5. FOR QUITE SOME TIME, DR. TIEN LIU HAD A JOB SKILL NO ONE ELSE IN THE WORLD COULD CLAIM: PLAY-DOH EXPERT.

Dr. Tien Liu helped perfect the Play-Doh formula for the original company, Rainbow Crafts, and stayed on as a Play-Doh Expert when the modeling compound was purchased by Kenner and then Hasbro.

6. YOU CAN SMELL LIKE PLAY-DOH.

Want to smell like Play-Doh? You can! To commemorate the compound’s 50th anniversary, Demeter Fragrance Library worked with Hasbro to make a Play-Doh fragrance, which was developed for “highly-creative people, who seek a whimsical scent reminiscent of their childhood.”

7. HASBRO TRADEMARKED THE SCENT.

Anyone who has ever popped open a fresh can of Play-Doh knows that there’s something extremely distinctive about the smell. It’s so distinctive that, in early 2017, Hasbro filed for federal protection in order to trademark the scent, which the company describes as “a unique scent formed through the combination of a sweet, slightly musky, vanilla-like fragrance, with slight overtones of cherry, and the natural smell of a salted, wheat-based dough.”

8. IT CAN CREATE A PRETTY ACCURATE FINGERPRINT.

When biometric scanners were a bit more primitive, people discovered that you could make a mold of a person’s finger, then squish Play-Doh in the mold to make a replica of the finger that would actually fool fingerprint scanners.
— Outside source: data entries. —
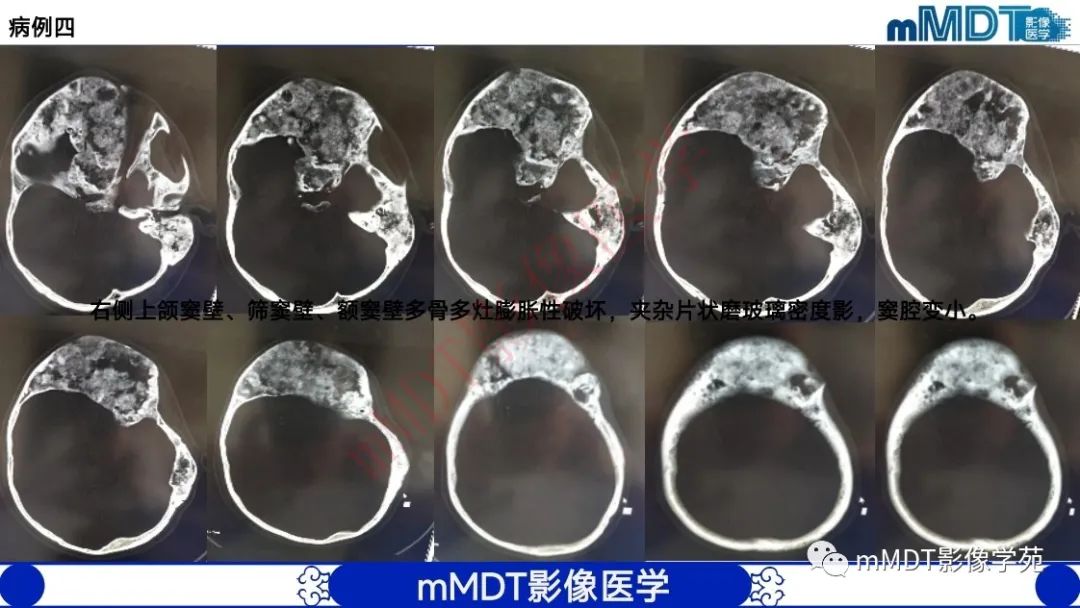 影像PPT - 【PPT】颅骨“弥漫性”增厚影像剖析-48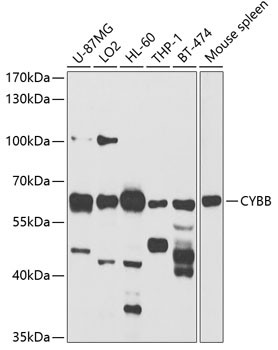 Western blot analysis of extracts of various cell lines, using
Nox2 antibody at 1:1000 dilution.
Secondary antibody: HRP Goat Anti-Rabbit IgG (H+L) at 1:10000 dilution.
Lysates/proteins: 25ug per lane.
Blocking buffer: 3% nonfat dry milk in TBST.
Detection: ECL West Pico Kit Exposure time: 60s.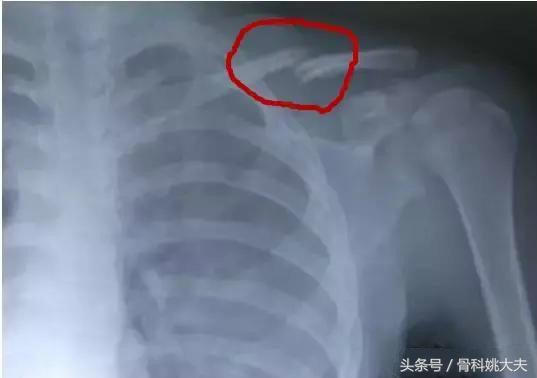 锁骨骨折三个月手臂抬不起来,锁骨骨折三个月手臂抬不起来，恢复过程中的挑战与应对策略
Back in 2005, it was estimated that Play-Doh could actually fool 90 percent of all fingerprint scanners. But technology has advanced a lot since then, so don’t go getting any funny ideas. Today's more sophisticated systems aren’t so easily tricked by the doughy stuff.

9. IT HOLDS A PLACE IN THE NATIONAL TOY HALL OF FAME.

Unsurprisingly, Play-Doh holds a coveted place in the National Toy Hall of Fame at The Strong National Museum of Play in Rochester, New York. It was inducted in 1998. According to the Hall of Fame, “recent estimates say that kids have played with 700 million pounds of Play-Doh."

10. YOU CAN TURN YOUR PLAY-DOH CREATIONS INTO ANIMATED CHARACTERS.

While Play-Doh may be a classic toy, it got a state-of-the-art upgrade in 2016, when Hasbro launched Touch Shape to Life Studio, an app that lets kids turn their Play-Doh creations into animated characters.